Cells in the middle ear make a fluid that help keep out invading organisms. In normal cases, the fluid drains out through the Eustachian tube and down into the throat. But if the Eustachian tube becomes swollen or blocked, the fluid becomes trapped in the middle ear, which forms the perfect place for bacteria and viruses which causes the area to become inflamed and/or infected. The tube is shorter in children, which could put them at a greater risk for ear infections. When the doctor looks at an infected ear, the eardrum looks red and is bulging.
Ear infections are most commonly caused by an upper respiratory viral infection, which is usually a cold or the flu. Common colds and the flu make the Eustachian tube so swollen that middle ear fluid cannot drain.
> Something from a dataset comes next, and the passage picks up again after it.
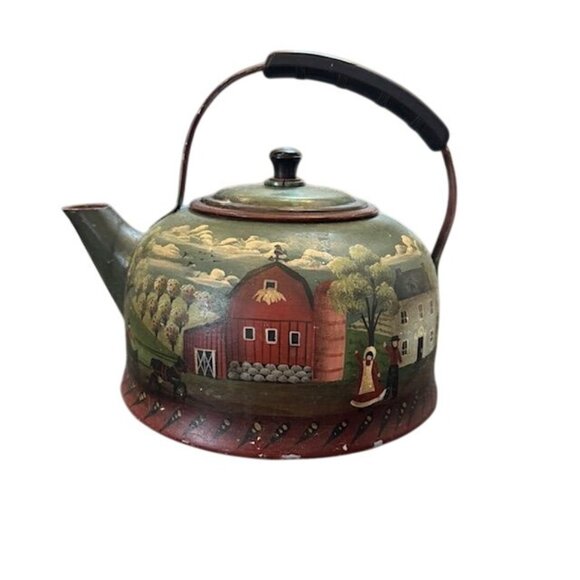 Vintage Hand-Painted Metal Teapot With Farmhouse Scene & Black Handle - Picture 1 of 8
Ear infections not only cause severe pain, but may result in serious complications if not treated. An untreated ear infection can travel from the middle ear to parts of the head, including the brain. Although the hearing loss caused by ear infections in usually temporary, untreated ear infections can lead to permanent hearing impairment. Persistent fluid in the middle ear can reduce a child’s hearing at a time critical for speech and language development. Children who have early hearing impairment from frequent ear infections are most likely to have speech and language disabilities.
Ear infections are hard to detect because most children who are affected by them do not have the language skills to tell someone what is bothering them. Common signs to look for are: unusual irritability, difficulty sleeping, tugging or pulling at one or both ears, fever, fluid draining from the ear, loss of balance, unresponsiveness to quiet sounds or other signs of hearing difficulty.
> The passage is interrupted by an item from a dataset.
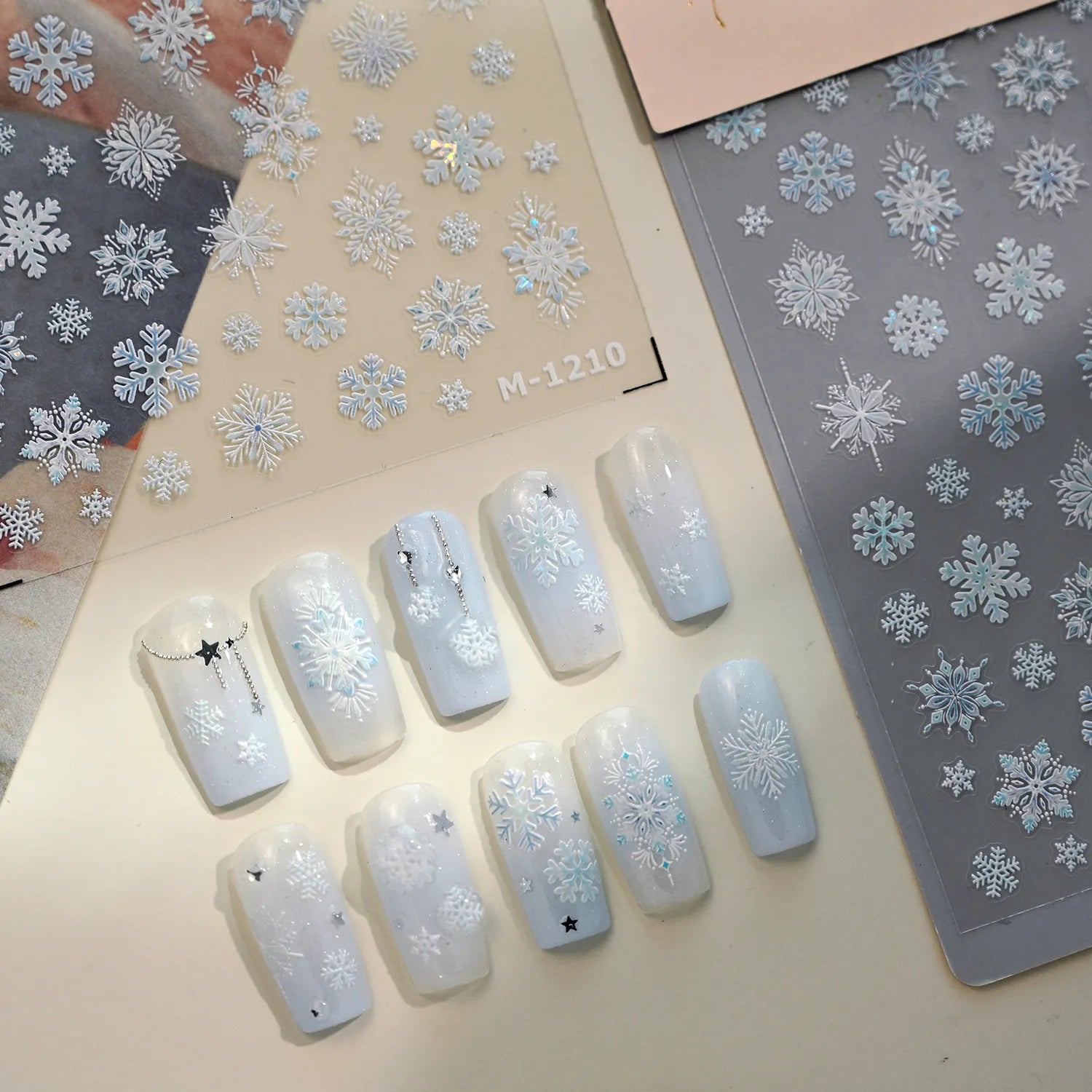 Holographic Snowflake Nail Stickers - Winter Christmas Holiday Decals M1210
The most simple way to diagnose an active infection in the middle ear is to look in the child’s ear with an otoscope, which allows the doctor to examine the outer ear and the eardrum. Inflammation of the ear drum indicates an infection. Many physicians recommend the use of antibiotics to treat ear infections. However, there are many bacteria that can cause otitis media, and some have become resistant to antibiotics. This happens when antibiotics are given to children for things they will not help, such as a cold or the flu. In these cases, several antibiotics are sometimes needed to figure out which one will fight off the infection.
Research is being explored to further improve the prevention, diagnosis, and treatment of middle ear infections. The effects of ear infections on children’s speech and language development are important areas of study, so is research to develop more accurate methods to help physicians detect middle ear infections. Research is also leading to the availability of vaccines that will prevent otitis media.